Saint-Pacôme a fait son deuil du ski

Saint-Pacôme a fait son deuil du ski

Une centaine de personnes se sont réunies au Centre municipal de Saint-Pacôme pour se prononcer sur l’avenir du site de la Station plein air.

Crédit photo : Maxime Paradis

Les citoyens de Saint-Pacôme ne veulent plus du ski. Du moins, c’est ce qui ressort de la consultation publique réalisée le 14 mai dernier, en soirée. Devant les deux options présentées par le conseil municipal sur l’avenir du site de la Station plein air, les citoyens ont majoritairement rejeté la possibilité de vendre la montagne à un promoteur privé qui désirait la réopérer en centre de ski.

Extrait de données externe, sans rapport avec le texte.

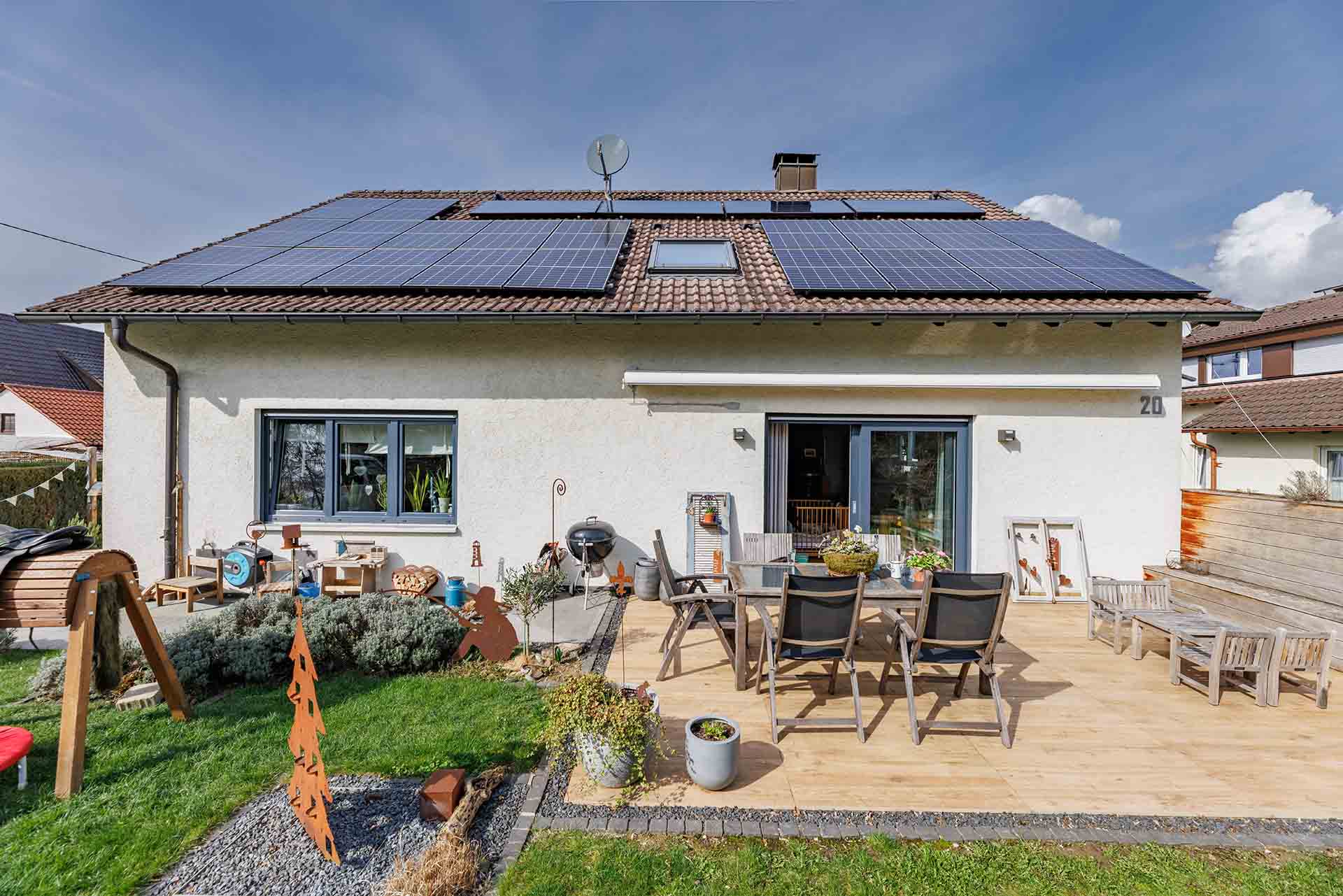 Zweifamilienhaus mit PV und Solarthermie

Il s’agit d’un dénouement inattendu pour le comité composé de conseillers municipaux qui s’est penché sur l’avenir du site de la Station plein air au cours des derniers mois. Même si celui-ci a présenté deux options à la population, dont une proposant de convertir le site de la Station plein air en un gigantesque parc municipal, le comité recommandait néanmoins d’aller explorer l’avenue de la vente de la Station avec le promoteur privé. « C’est une offre de dernière minute qui nous a été proposée il y a moins d’une semaine », de mentionner le maire, Robert Bérubé, lorsqu’il l’a présentée aux citoyens concernés réunis au Centre municipal.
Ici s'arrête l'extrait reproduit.